Look below for the line that has "Get started today"; output exactly from it through the line that has "Hey guys, so", and leave the pictures out.

----

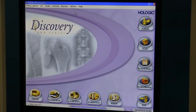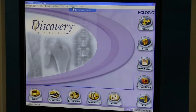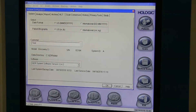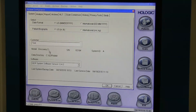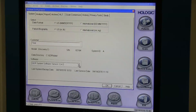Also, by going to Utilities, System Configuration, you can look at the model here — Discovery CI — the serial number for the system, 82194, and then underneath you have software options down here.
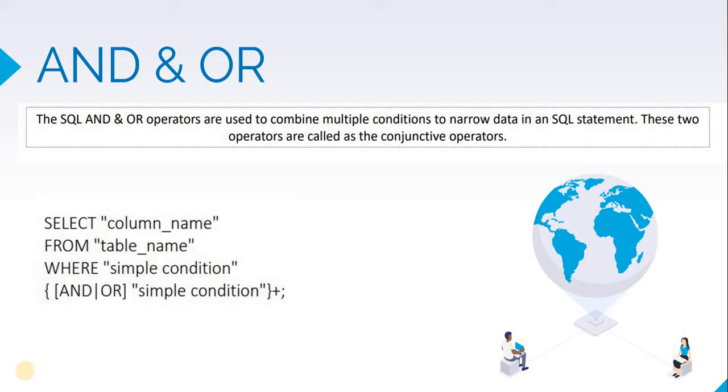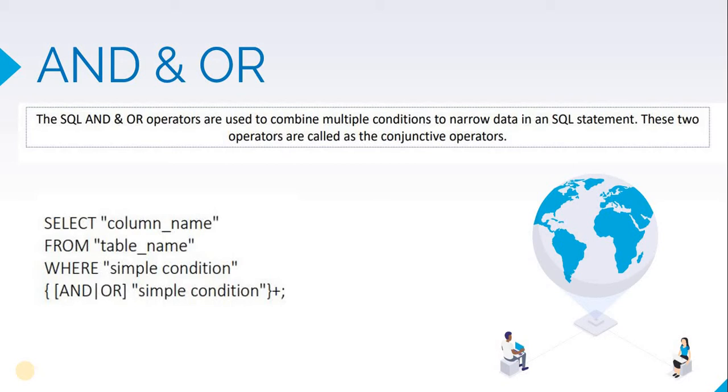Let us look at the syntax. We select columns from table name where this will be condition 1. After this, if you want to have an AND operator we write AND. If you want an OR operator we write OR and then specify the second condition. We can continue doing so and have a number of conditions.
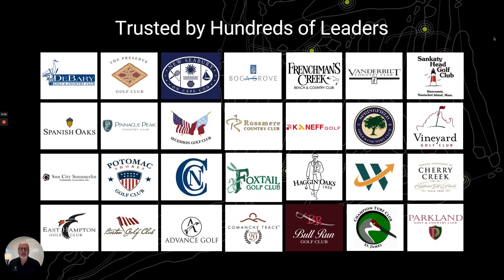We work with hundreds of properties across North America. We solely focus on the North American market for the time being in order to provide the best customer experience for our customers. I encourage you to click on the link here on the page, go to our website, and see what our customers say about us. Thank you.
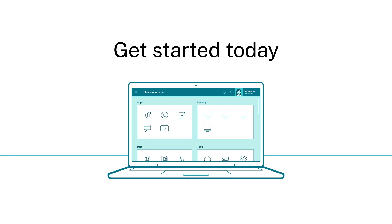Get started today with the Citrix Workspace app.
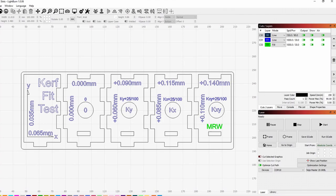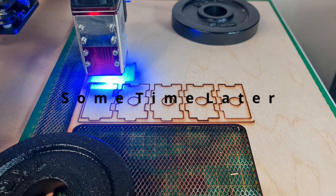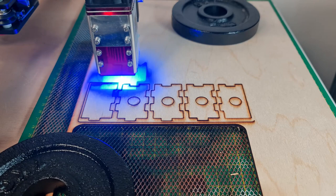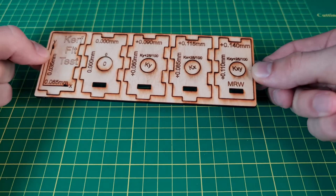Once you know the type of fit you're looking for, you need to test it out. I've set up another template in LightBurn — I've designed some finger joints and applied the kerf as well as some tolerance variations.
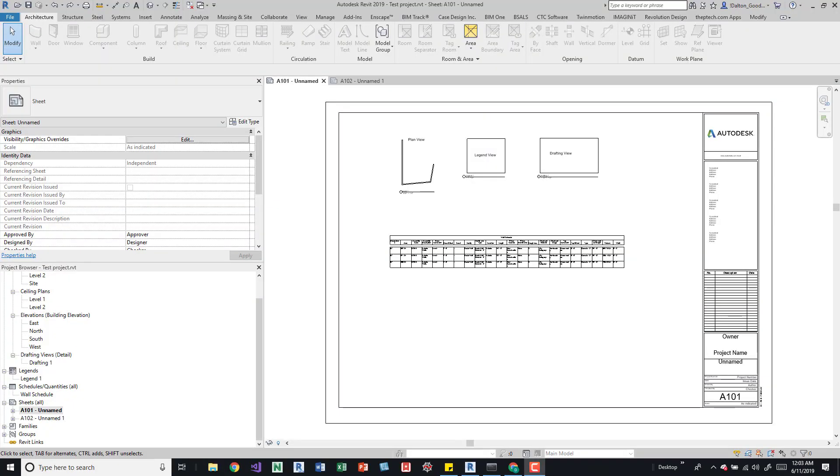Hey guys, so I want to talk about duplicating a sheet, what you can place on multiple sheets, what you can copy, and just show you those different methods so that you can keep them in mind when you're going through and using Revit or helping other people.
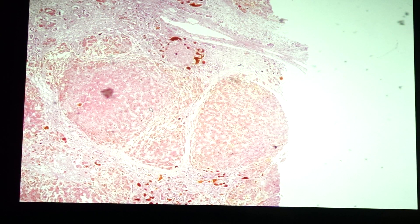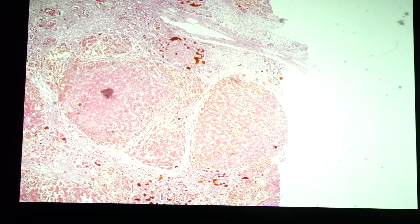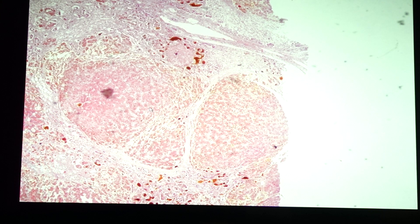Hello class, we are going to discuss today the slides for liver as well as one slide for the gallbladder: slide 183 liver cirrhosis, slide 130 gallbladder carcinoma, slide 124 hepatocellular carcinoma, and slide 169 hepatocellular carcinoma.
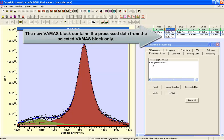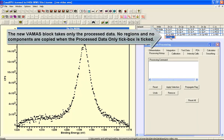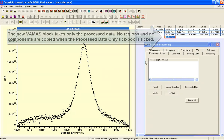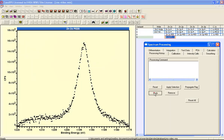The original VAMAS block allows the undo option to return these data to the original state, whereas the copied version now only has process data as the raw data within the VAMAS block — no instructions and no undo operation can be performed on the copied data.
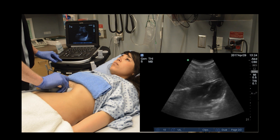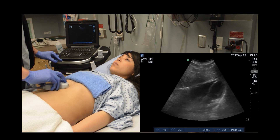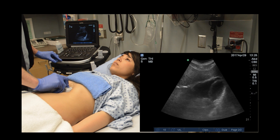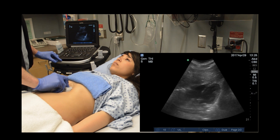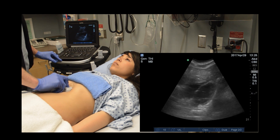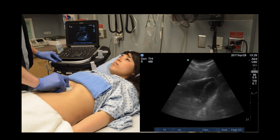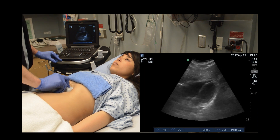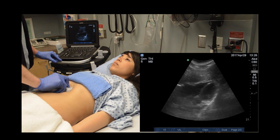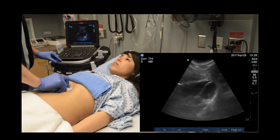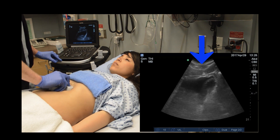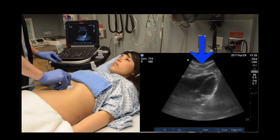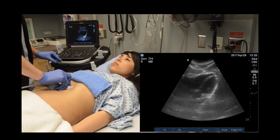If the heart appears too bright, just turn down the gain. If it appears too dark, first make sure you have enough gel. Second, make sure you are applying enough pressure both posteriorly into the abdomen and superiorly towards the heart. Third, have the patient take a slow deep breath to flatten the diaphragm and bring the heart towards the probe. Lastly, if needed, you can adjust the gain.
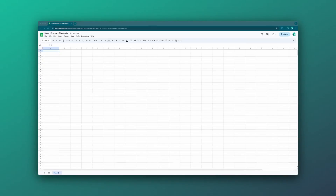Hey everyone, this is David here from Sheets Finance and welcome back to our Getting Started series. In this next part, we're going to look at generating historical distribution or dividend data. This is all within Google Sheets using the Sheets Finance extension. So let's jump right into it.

----

**Reply**
Get started today with the Citrix Workspace app.
Once you know the type of fit you're looking for, you need to test it out. I've set up another template in LightBurn — I've designed some finger joints and applied the kerf as well as some tolerance variations.
Hey guys, so I want to talk about duplicating a sheet, what you can place on multiple sheets, what you can copy, and just show you those different methods so that you can keep them in mind when you're going through and using Revit or helping other people.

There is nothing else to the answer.